La première confrontation n'ayant rien donné, les policiers décidèrent hier, en fin de matinée, de remettre à nouveau face à face Ranucci et Mme Aubert. On sait ce qu'il en advint.
En fait le commissaire Cubaynes masque le vrai problème : ce n'est pas le caractère odieux et anormal du crime qui pose problème, c'est le fait que le crime ne correspond pas du tout à la personnalité de Ranucci. Et il est clairement dit : on compte sur les psychiatres expert et la psychologue pour faire coller la personnalité de Ranucci avec le crime. Ce qui est tout de même une drôle de manière de faire des enquêtes.

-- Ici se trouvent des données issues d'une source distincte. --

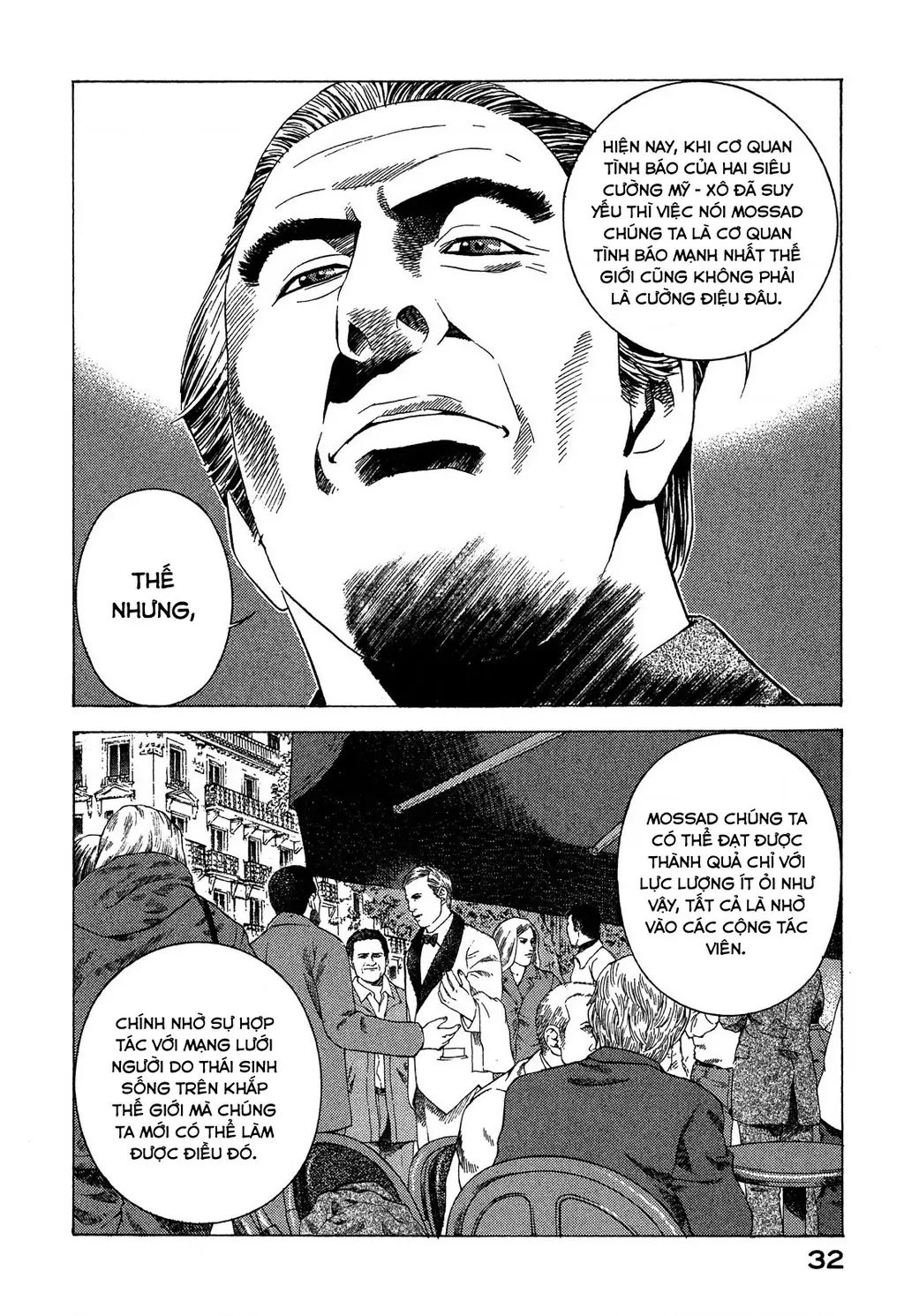 Yugo - Kẻ Thương Thuyết Chapter 94 - Trang 32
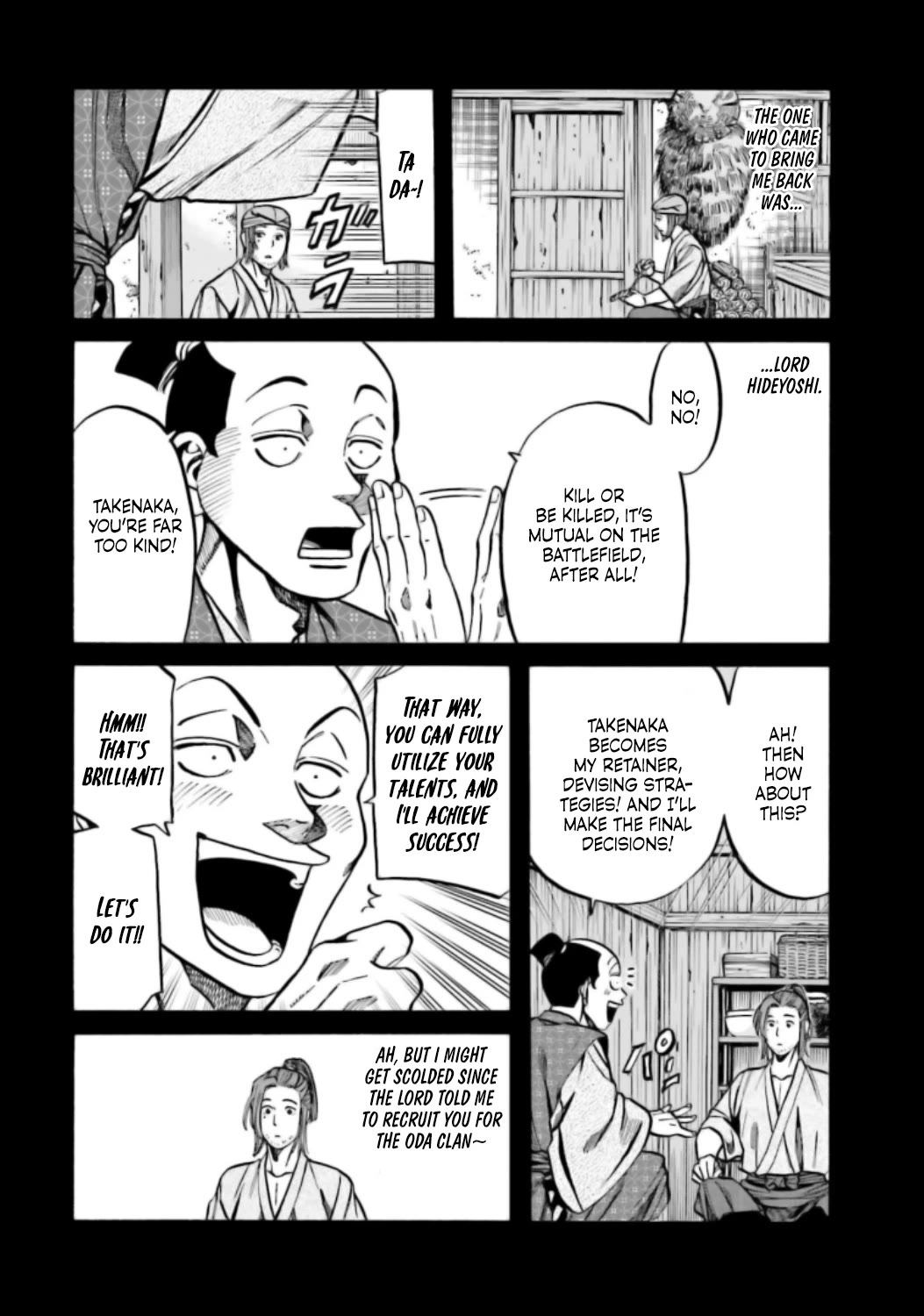 Nobunaga no Chef Chapter 215 page 13 - Chapter 215: The Two Who Complimented Each Other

Alors évidemment, le journaliste Pierre-François Leonetti insiste et nous raconte la même chose que ce que rapporte Gilles Perrault : on a présenté Ranucci aux Auberts selon les règles en tapissage, et ils ne l'ont pas reconnu, alors, fatigué, qu'ont fait les enquêteurs, ils ont mis Ranucci face à face avec les Aubert dans leur bureau, et hop, coup de baguette magique, cette fois ils le reconnaissent. C'est quand même formidable, on tire notre chapeau. C'est admirable.
En fait, tout cela est absurde, et le journaliste, s'il était consciencieux se dirait, tout de même, voilà bien une curieuse méthode de faire des confrontations. Ces témoins sont plus que bizarres, il ne le reconnaissent pas, et puis tout d'un coup, ils changent d'avis.
On est surpris que le journaliste ne le soit pas.